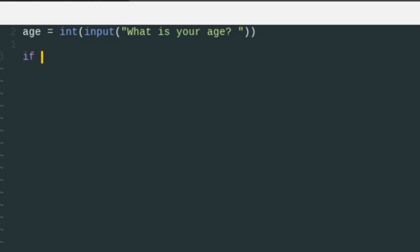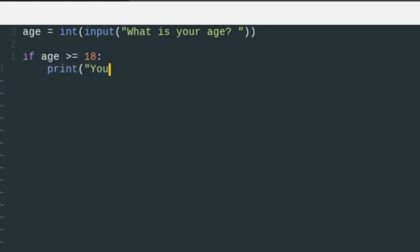So now we can do some stuff with it. We can say if age is greater than or equal to 18, and then the code indented after the if statement is the code that runs if the condition is true. So we can print 'you're old enough to vote.'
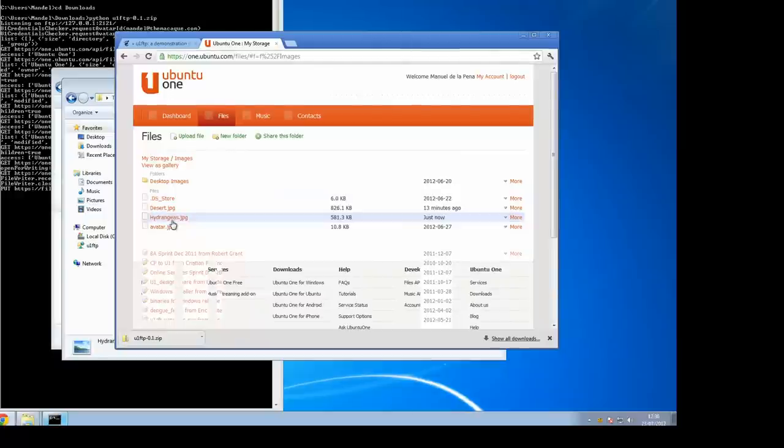This was Ubuntu One U1 FTP, available as a network drive. We hope you like it.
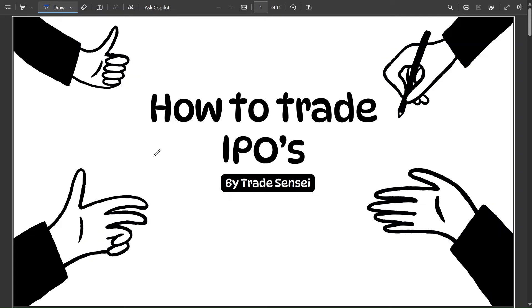Hello everyone, welcome back to my YouTube channel. In today's video we'll be looking at how to trade IPOs. Trading IPOs is slightly different from trading your normal stocks, and I'll explain how it's different. We'll also look at how you can scan IPO stocks using a screener to get all the IPO stocks in a single place.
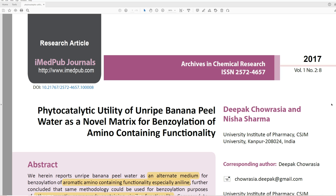Welcome back. I'm ThatChemist, and today we have another episode in the Toxic series. Today we have a very special paper, and I'm going to basically read the whole thing, and then we'll stop and talk about some of the parts as we get through it.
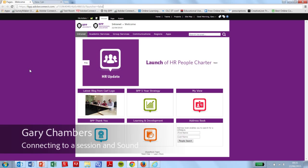Hey guys, welcome to another 60-second installment. This video is all about connecting to a session and sound.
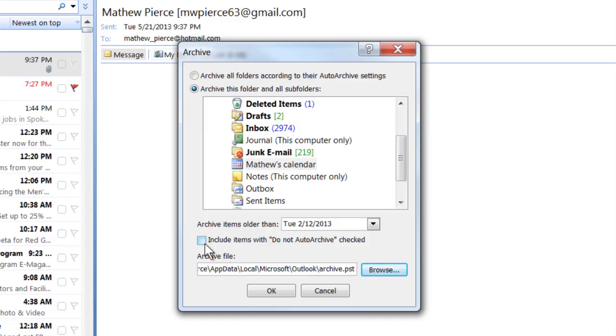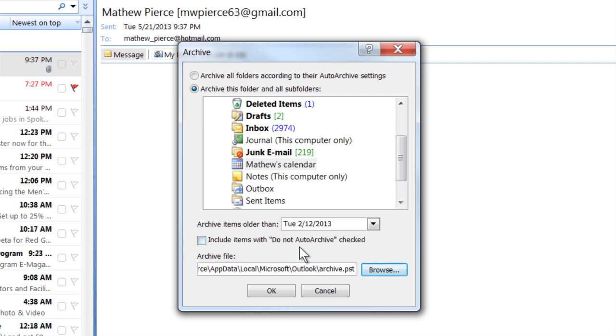Now, it's got right here, this box right here that says include items with do not archive checked. So you can do that too. If there's some items that you didn't want archived before, someone didn't want archived, but you want to archive them, you can select that checkbox and it'll archive them there too.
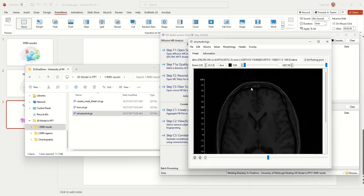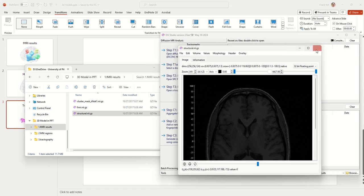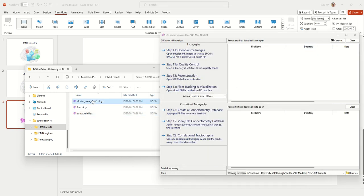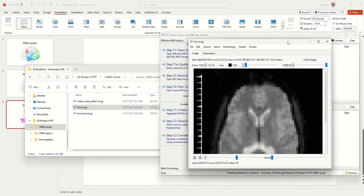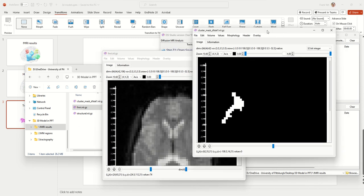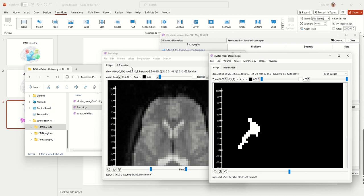The structural image usually has a much higher resolution, and this space difference will be important when we create those 3D models. You also need to make sure about the results space — it could be either in the native space, the same as the functional MRI, or in the MNI space. For this first part, the functional MRI results are in the native space, as you can see the dimension and resolution matches the original functional MRI data.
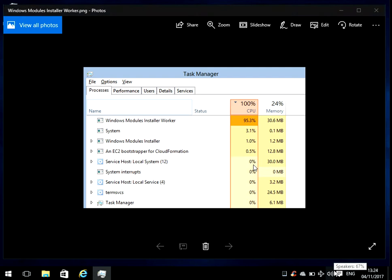Hi there, welcome to my video. A couple of days ago I came across this issue where the Windows Module Installer Worker service was taking up most of the CPU on my system.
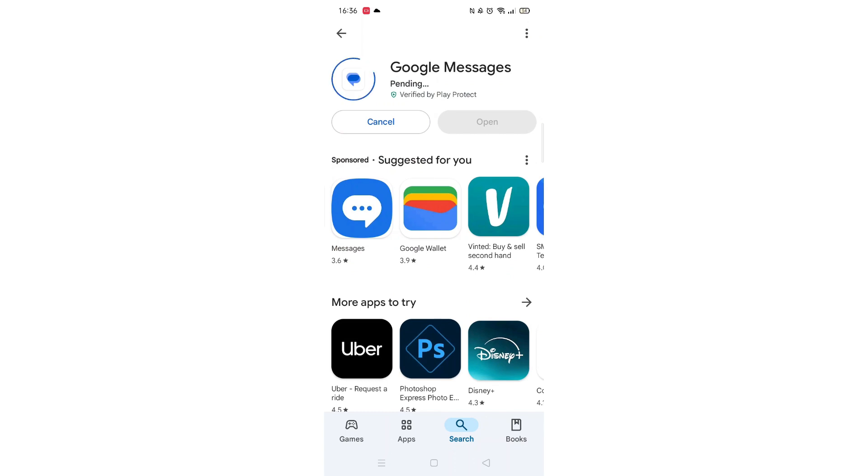Now click on the blue install button. The app will now start downloading to your phone. This may take several minutes so hang tight.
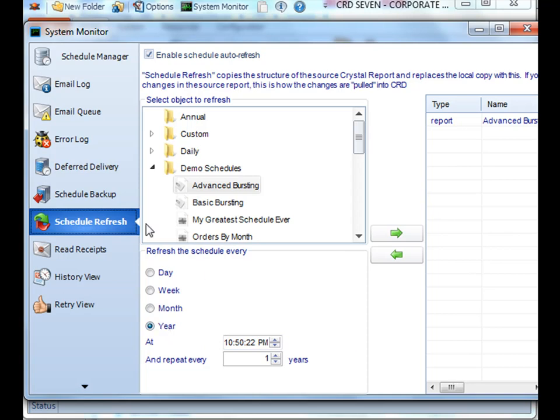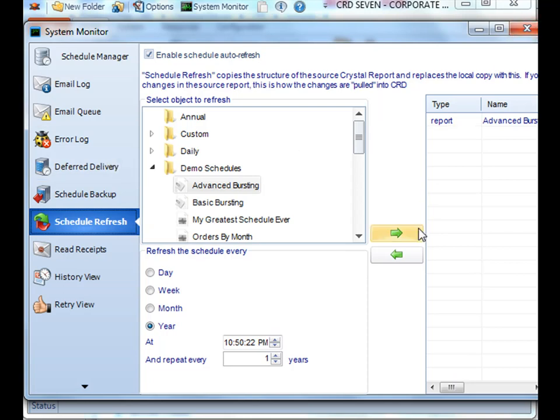Once you're happy with it and you've added all your schedules, you're all set. And that schedule will always be refreshed once a year, once a day, for however many years, months, days, weeks that you need the interval to go. And you'll always have the latest version of the report whenever it runs.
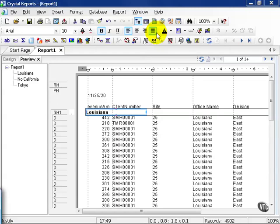In this movie, we're going to delve into the difference between using a database field to filter and a user-defined field to filter. If you recall, a database field comes straight from the database and tends to be faster when using the select expert to filter on.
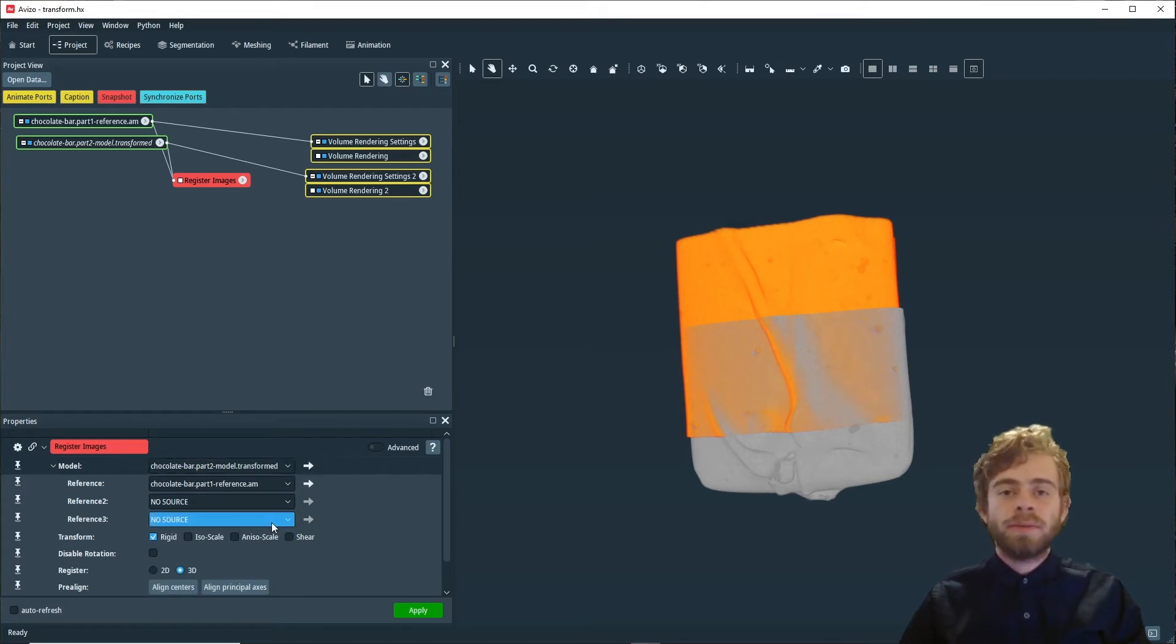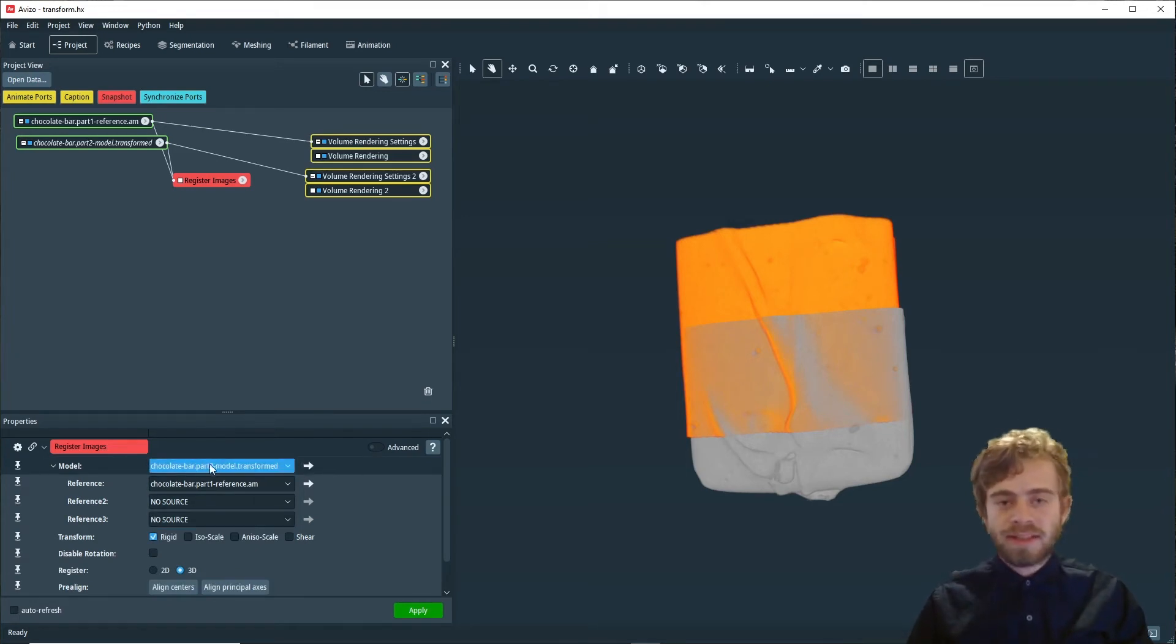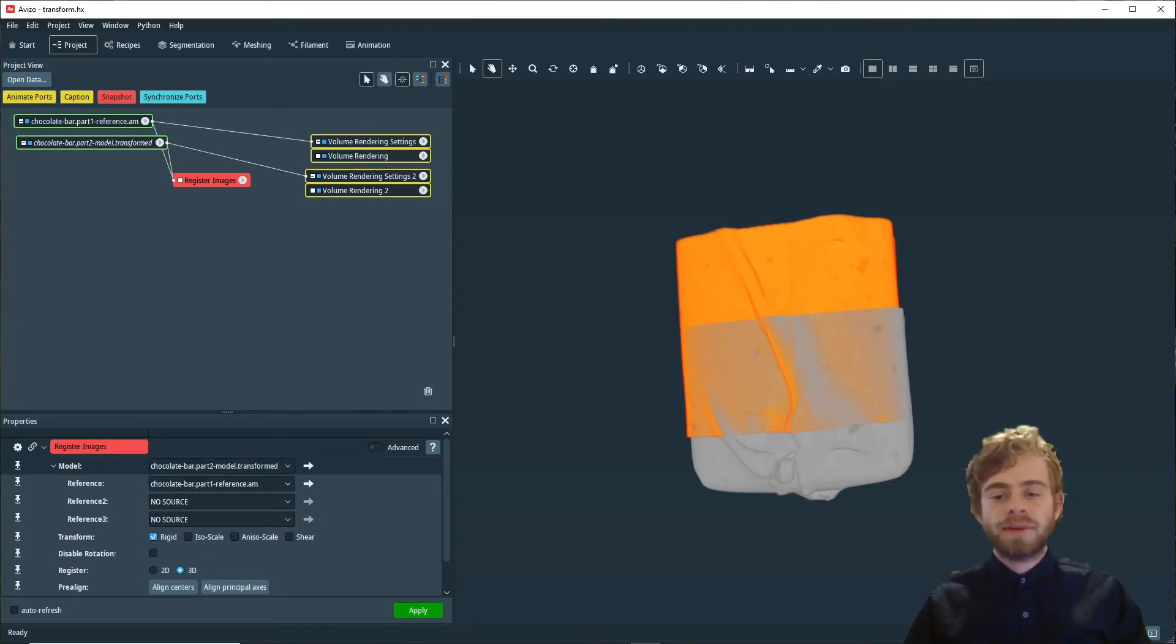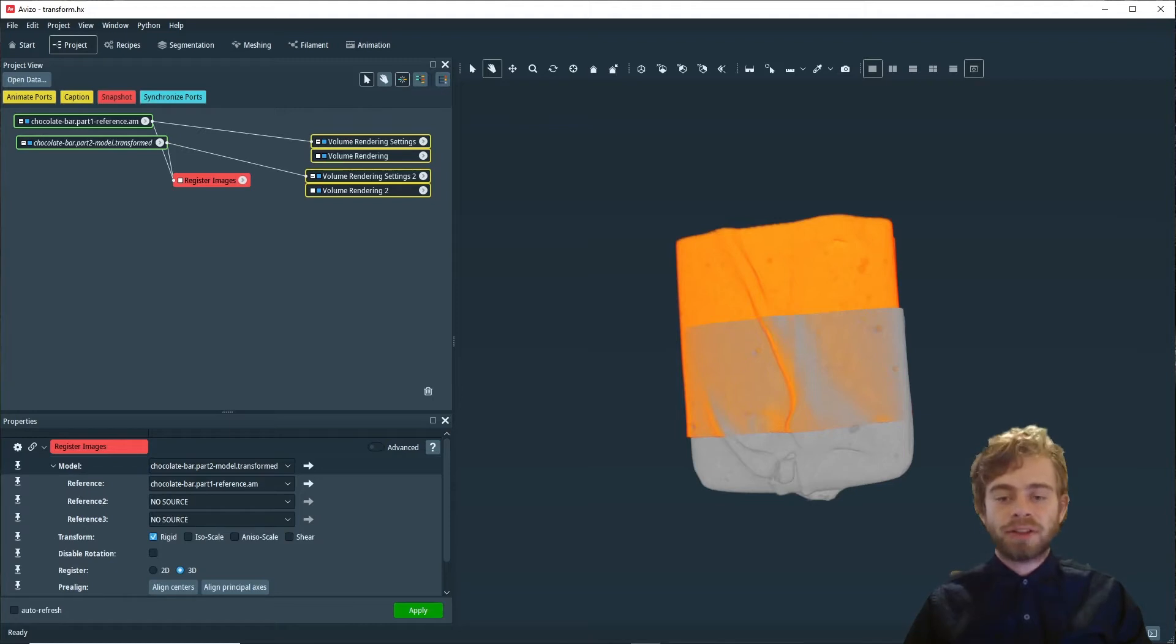The dataset in the model port is the dataset that will be moved to match the datasets in the reference port. In this case, the orange part of the dataset is the part that's going to be moved to match the gray part.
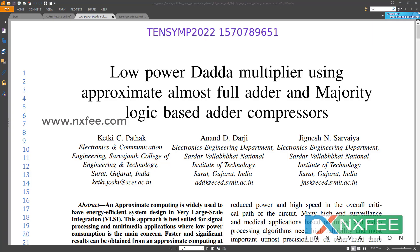Here we discuss the project: low-power data multiplier using approximate almost full adder and majority logic based adder compressor. Approximate computing is a commonly used technique for achieving energy-efficient system designs in the field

- WHAT THE TASK REQUIRES
Transcribe the span of lines that runs from the line with "Once you're happy" to the end of the data, both ends included, exactly, with nothing else and no pictures.

- TASK ANSWER
Once you're happy with it and you've added all your schedules, you're all set. And that schedule will always be refreshed once a year, once a day, for however many years, months, days, weeks that you need the interval to go. And you'll always have the latest version of the report whenever it runs.
In this movie, we're going to delve into the difference between using a database field to filter and a user-defined field to filter. If you recall, a database field comes straight from the database and tends to be faster when using the select expert to filter on.
The dataset in the model port is the dataset that will be moved to match the datasets in the reference port. In this case, the orange part of the dataset is the part that's going to be moved to match the gray part.
Here we discuss the project: low-power data multiplier using approximate almost full adder and majority logic based adder compressor. Approximate computing is a commonly used technique for achieving energy-efficient system designs in the field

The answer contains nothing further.